=== Records for processing ===
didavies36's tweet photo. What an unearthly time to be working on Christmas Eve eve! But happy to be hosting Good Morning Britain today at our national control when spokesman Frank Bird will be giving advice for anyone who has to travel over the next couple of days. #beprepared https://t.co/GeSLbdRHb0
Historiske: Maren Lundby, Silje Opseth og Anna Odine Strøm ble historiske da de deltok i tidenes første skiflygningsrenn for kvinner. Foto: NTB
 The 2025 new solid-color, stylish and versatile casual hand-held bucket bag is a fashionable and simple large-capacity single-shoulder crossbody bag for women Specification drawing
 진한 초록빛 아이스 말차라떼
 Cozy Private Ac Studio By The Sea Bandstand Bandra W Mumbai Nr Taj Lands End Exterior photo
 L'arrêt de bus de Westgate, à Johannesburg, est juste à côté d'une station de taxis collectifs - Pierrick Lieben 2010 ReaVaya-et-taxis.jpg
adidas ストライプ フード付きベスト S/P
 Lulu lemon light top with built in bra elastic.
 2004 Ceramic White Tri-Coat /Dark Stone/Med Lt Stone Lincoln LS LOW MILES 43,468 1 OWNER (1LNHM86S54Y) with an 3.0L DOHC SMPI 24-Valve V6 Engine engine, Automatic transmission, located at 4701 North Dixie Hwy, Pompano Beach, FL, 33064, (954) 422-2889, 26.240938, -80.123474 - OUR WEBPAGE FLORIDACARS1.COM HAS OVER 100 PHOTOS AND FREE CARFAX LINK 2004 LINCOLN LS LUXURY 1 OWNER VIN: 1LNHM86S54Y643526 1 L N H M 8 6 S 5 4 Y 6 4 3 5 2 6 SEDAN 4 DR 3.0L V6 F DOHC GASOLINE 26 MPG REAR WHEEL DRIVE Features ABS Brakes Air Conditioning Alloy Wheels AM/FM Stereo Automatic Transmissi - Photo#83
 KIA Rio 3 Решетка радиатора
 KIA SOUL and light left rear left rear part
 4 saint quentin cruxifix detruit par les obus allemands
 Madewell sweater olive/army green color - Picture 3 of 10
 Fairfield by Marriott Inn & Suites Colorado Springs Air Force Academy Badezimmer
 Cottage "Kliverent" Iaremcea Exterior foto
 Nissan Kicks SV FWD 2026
===
* _Task to complete_: Everything from the line containing "KIA SOUL and light left rear left rear part" to the last line of the material above should be printed exactly, both ends included.

* _Task result_:
 KIA SOUL and light left rear left rear part
 4 saint quentin cruxifix detruit par les obus allemands
 Madewell sweater olive/army green color - Picture 3 of 10
 Fairfield by Marriott Inn & Suites Colorado Springs Air Force Academy Badezimmer
 Cottage "Kliverent" Iaremcea Exterior foto
 Nissan Kicks SV FWD 2026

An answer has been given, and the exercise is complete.